逃げるし恥だし役立たず

戦争と平和の逃げるし恥だし役立たずのレビュー・感想・評価

戦争と平和(1956年製作の映画)
3.5
19世紀の帝政ロシアの末期、ナポレオンの率いる強力なフランス軍によるロシア侵攻の中で、貴族の私生児で跡継ぎのピエール(ヘンリー・フォンダ)や貴族の子息で帝国将校のアンドレイ(メル・ファーラー)、伯爵令嬢のナターシャ(オードリー・ヘップバーン)の三者の交流を描く、露の文豪レオ・トルストイの不朽の名作「戦争と平和」の映画化。

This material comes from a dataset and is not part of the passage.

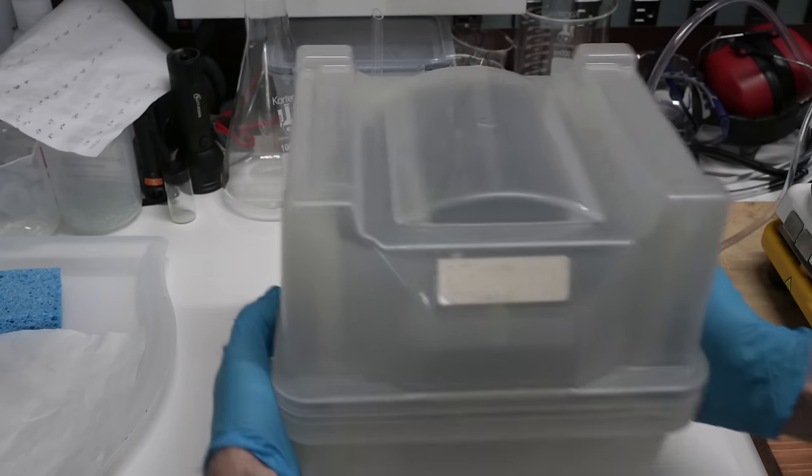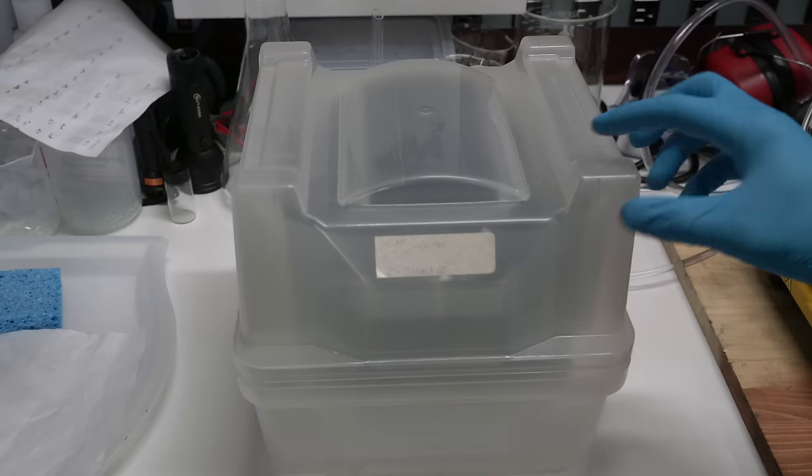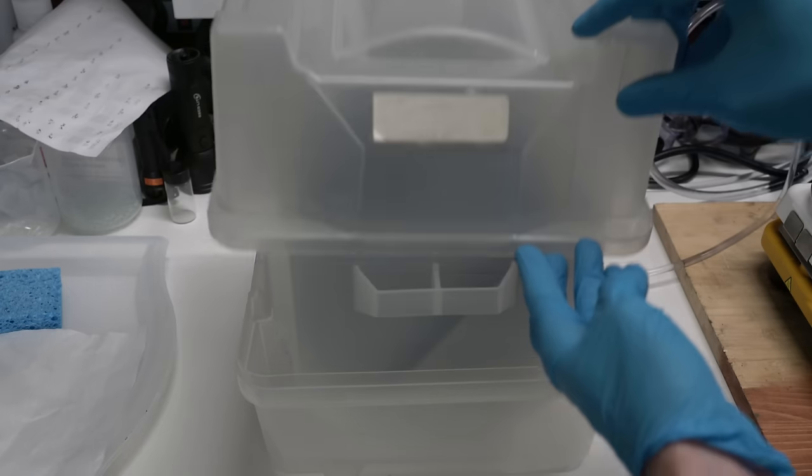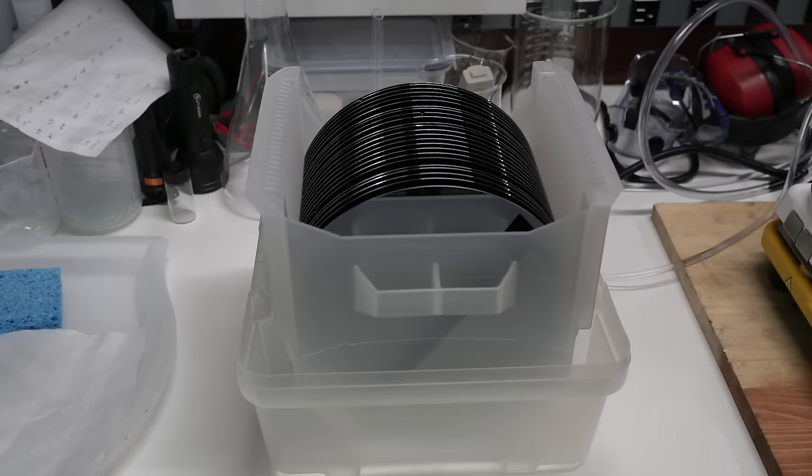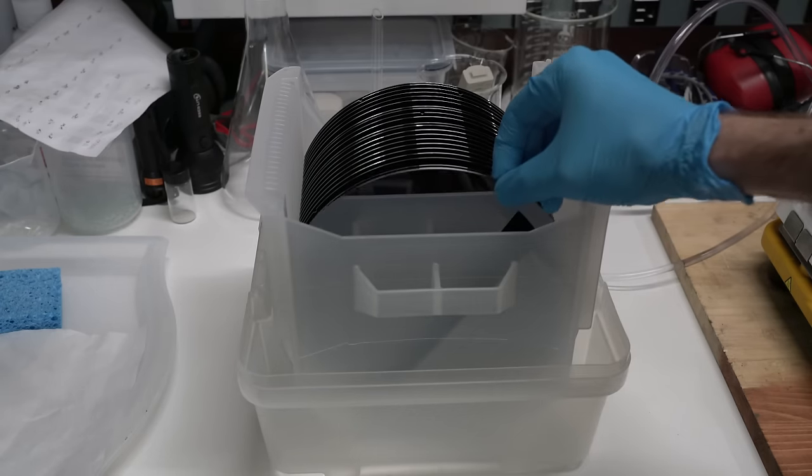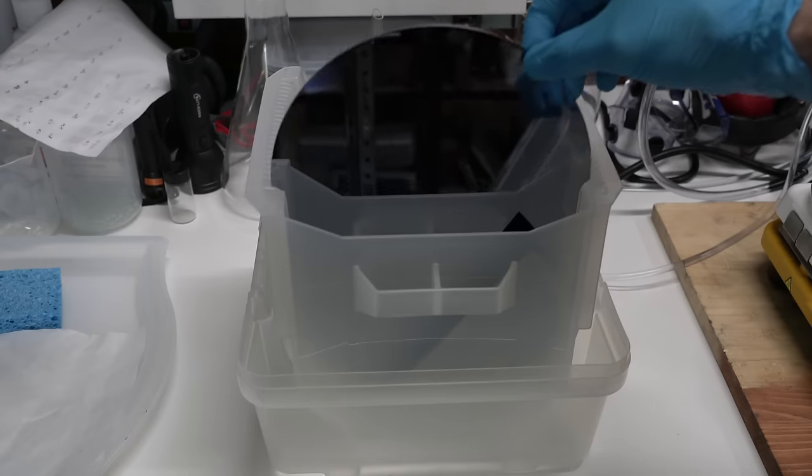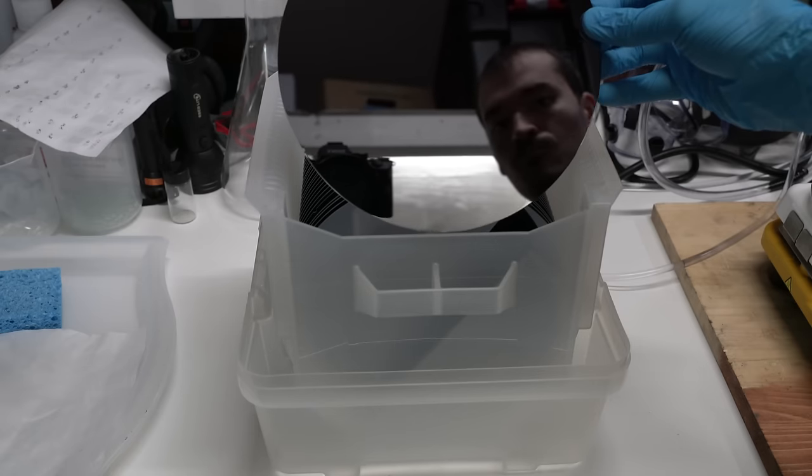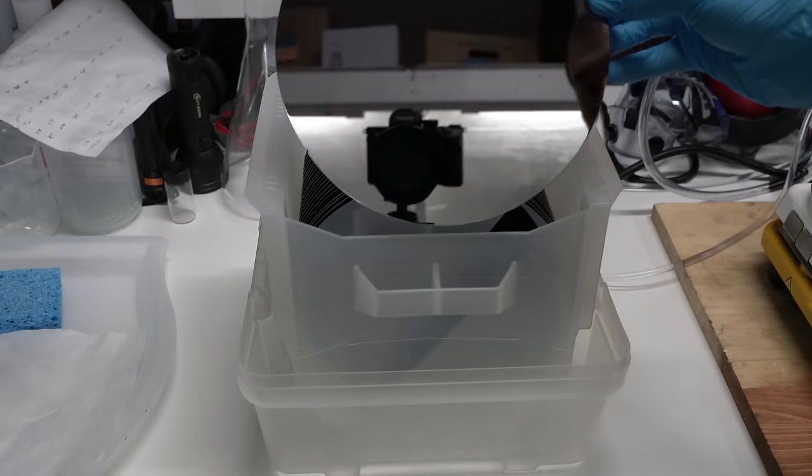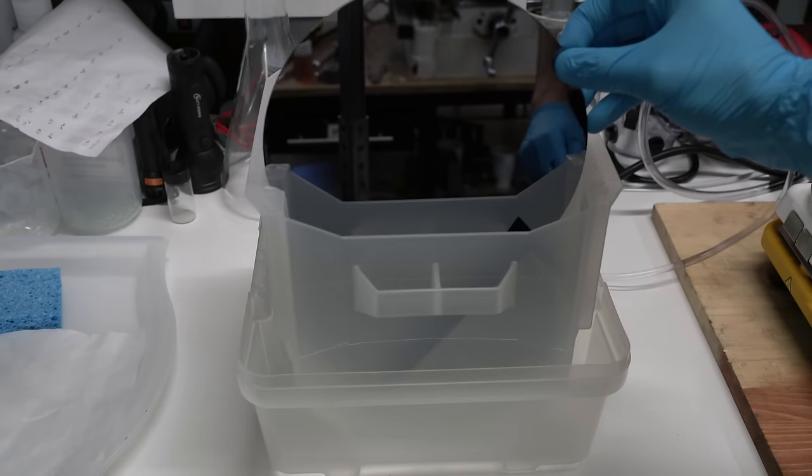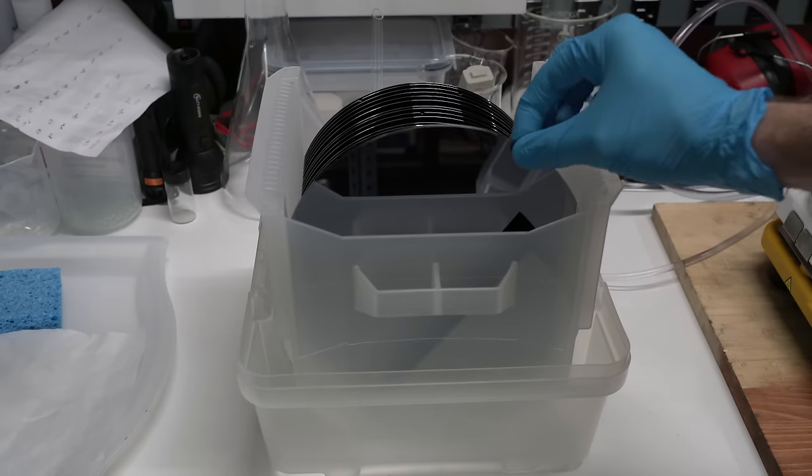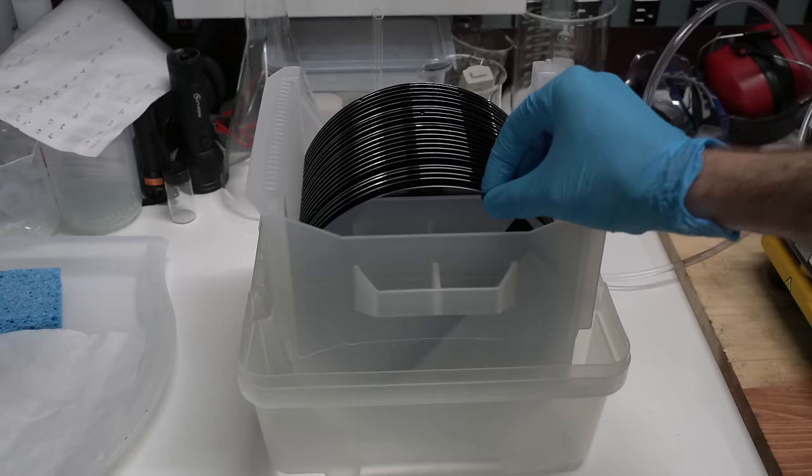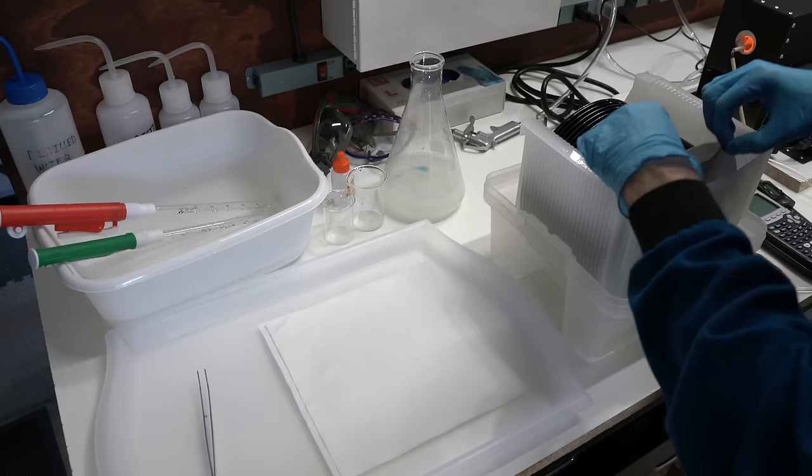Now we need some silicon. I got these wafers from an auction on eBay for dirt cheap, but you can also buy wafers new from lab suppliers and even Amazon if you want. These wafers are actually not pure silicon. They are already doped with an extremely small amount of boron, but that won't affect the oxidation process at all.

色彩鮮やかで絢爛豪華なセットや衣装、戦場での迫力ある俯瞰のシーンは見事だが、余りの大作の映画化が故に登場人物の感情・性格描写が希薄になり客観性も失われて総花的になってしまった印象。唐突に恋が始まり激情に変わり、急速に冷めると唐突に新しい恋が始まると云う、恋のジェットコースターにトルストイも観客も呆気にとられる事は必須、戦争はなぜ起きるのか?人生をどう生きるべきか?という三千ページ超の長編作品の中の幾つもの問いかけに、煮え切らないピエールと影が薄すぎるアンドレイを片隅に追いやり、天真爛漫なオードリー・ヘップバーンが自由奔放な恋愛で答える微妙なストーリーに完結。まあ、原作が壮大すぎて映画に押し込めるのは無理があり、其れでも無難に作られたダイジェスト版というより入門編と云った処だろう。一度目は本作でハリウッドの大作として、二度目は本家ロシアで超大作として映画化されているが、此の二作を超えるスケールを映画化するのは恐らく無理であるために今更彼是と言うのは不毛である。
オードリー・ヘップバーンが出てなかったら歴史の荒波に飲み込まれるレベルの作品で、逆に言えばオードリー・ヘップバーンの魅力が十二分に詰まった作品と云える。